[[ PROVIDED MATERIAL open ]]
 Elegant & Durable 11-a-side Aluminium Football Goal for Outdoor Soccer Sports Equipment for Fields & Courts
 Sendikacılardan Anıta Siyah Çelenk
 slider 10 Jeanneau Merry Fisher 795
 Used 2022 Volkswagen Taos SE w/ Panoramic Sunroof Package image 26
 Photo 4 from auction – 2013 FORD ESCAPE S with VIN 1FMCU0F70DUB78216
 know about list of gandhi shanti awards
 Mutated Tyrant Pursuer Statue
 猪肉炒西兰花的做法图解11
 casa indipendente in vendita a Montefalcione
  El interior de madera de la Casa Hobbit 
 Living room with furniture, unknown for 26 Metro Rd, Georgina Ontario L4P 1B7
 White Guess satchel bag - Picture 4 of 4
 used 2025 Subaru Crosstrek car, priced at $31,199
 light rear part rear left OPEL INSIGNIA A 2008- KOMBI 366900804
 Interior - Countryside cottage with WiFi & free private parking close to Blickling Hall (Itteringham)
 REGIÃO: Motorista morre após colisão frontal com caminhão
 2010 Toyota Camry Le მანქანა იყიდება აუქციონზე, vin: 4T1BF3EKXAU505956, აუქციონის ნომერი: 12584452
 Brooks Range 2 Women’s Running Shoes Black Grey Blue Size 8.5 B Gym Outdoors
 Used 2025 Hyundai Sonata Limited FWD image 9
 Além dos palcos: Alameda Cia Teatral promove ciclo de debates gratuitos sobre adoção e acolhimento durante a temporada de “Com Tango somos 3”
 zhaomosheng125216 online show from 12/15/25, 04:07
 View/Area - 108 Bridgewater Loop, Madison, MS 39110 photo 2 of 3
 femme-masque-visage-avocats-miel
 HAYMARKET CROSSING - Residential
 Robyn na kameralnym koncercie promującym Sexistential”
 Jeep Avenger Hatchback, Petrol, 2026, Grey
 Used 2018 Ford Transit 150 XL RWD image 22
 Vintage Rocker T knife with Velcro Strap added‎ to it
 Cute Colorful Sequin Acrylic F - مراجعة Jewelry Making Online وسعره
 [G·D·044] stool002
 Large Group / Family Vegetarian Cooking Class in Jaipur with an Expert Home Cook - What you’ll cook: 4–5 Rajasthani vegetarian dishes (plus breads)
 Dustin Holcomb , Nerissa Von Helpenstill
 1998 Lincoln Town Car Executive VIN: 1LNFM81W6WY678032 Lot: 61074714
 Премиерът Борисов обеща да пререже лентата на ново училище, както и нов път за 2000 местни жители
[[ PROVIDED MATERIAL closed ]]
Using the records above, select and copy every line that has the word "Grey".

▸ ANSWER TO THE PROBLEM:
 Brooks Range 2 Women’s Running Shoes Black Grey Blue Size 8.5 B Gym Outdoors
 Jeep Avenger Hatchback, Petrol, 2026, Grey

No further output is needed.